The successful operation of any organization depends to a very large extent upon a sound system of delegation. That is why delegation is very important for all organizations. Still superior officers at times hesitate to delegate authority. They often try to get more and more authority but are not willing to delegate authority. In fact, delegation faces several hindrances, psychological as well as organizational.

For the sake of convenience, we can group these hindrances into two parts i.e. organizational hindrances and personal or psychological hindrances.

Organizational Hindrances:

(1) Lack of established methods and procedures. Delegation is made easier if procedures and rules are well established. Also for making delegation successful, definite procedures should be laid down and followed. Lack of established and definite methods and procedures always hinders the process of delegation.

(2) Lack of means of coordination and communication. Coordination is an important principle of an organization. Without coordination, no organization can work. But coordination requires clear and timely communication. Without proper communication, there can be no real and meaningful coordination, and without coordination, there can be little effective delegation. 

(3) Unstable and changing nature of work. Stable and repetitive work affords a great degree of delegation. However, if the work is new or fast developing or non-repetitive and unstable, delegation gets hindered. The subordinate can shirk a new type of work while his superior can try to compel him to do the work through delegation.

(4) Size and location of an organization. The larger the organization and the broader its geographic coverage, the greater the chances of delegation. However, the large size can cause the problem of effective relegation and proper monitoring of the delegated work and responsibility. 

(5) Lack of spelled-out positions. Lack of properly spelled-out positions and unspecific terms of delegation of duties and authority also poses a hindrance in the way of the process of delegation.

Personal or Psychological Hindrances:

Several personal or psychological factors also cause hindrances in the way of delegation. These include the egoistic tendency of the superior to have credit for everything, fear or disloyalty on the part of the subordinates, lack of confidence in the capacity and competence of the subordinates, absence of emotional maturity in the chief, lack of knowledge of what to delegate and how to delegate, and fear of accountability to the higher levels or to the legislature. Pfiffner gives the following human causes of hindrances in the way of delegation of authority by superiors:

(1) Persons who rise to positions of hierarchical leadership have more than normal egoism.

(2) Superiors are afraid that subordinates or others will not make proper decisions or carry them out in the desired manner.

(3) They fear that disloyal or subversive power centers will develop among strong subordinates.

(4) Strong, vigorous, and highly motivated persons become impatient with the slow pace and indecisiveness of their subordinates.

(5) In Public Administration, political considerations often make delegation difficult.

(6) The cultural heritage of humans has been one of authoritarian and patriarchal headships. The practice of delegation is partly dependent on cultural change, which comes but slowly.

(7) The act of delegation requires emotional maturity which apparently is rare even among successful persons.

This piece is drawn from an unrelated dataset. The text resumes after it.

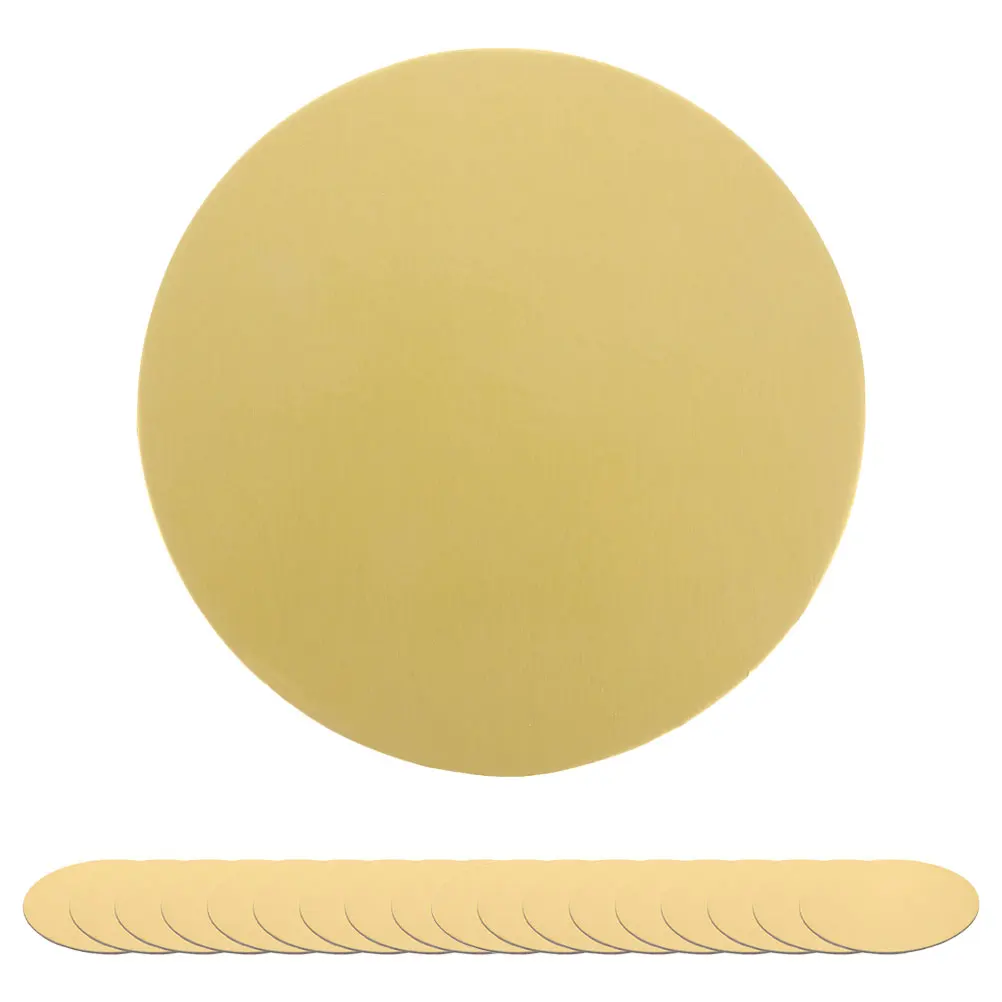 

30 pcs Golden Thickened Card Base Mousse Mat 16cm 3mm Round Paper Cake Boards Drums Food Grade Birthday Baking Supplies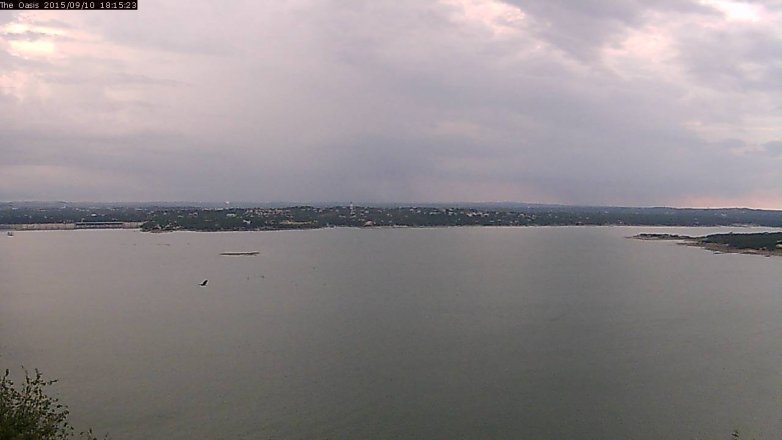 Lake Travis webcam, September 10, 2015 5:20 PM CT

(8) The symbols of leadership (those personal qualities and traits which attract the attention of others) are inconsistent with the philosophy of delegation. Those striving to succeed must make themselves prominent, and hence they naturally resist delegation.

(10) At times, those who desire to delegate do not know how to do it.

(11) They do not know how far they should delegate, at least for two reasons:

  • The science of organization and management is immature and also inadequate.
  • Their work experience has not taught them to delegate because most organizations fail to practice delegation.

In addition to these, the non-acceptance of delegation on the part of the subordinates can also be a problem. The reason behind this can be the:

  • fear of criticism.
  • lack of the needed information and resources to do a good job.
  • lack of confidence to exercise delegated authority.
  • lack of initiative and drive.
  • work more in quantity than one’s capacity to work.

In spite of the above-listed hindrances, delegation is usually practiced in all organizations; rather it has to be practiced due to the increasing volume and complexity of work. Delegation is an important principle of organization. In contemporary times, no organization, particularly no large-scale organization, can work properly without delegation.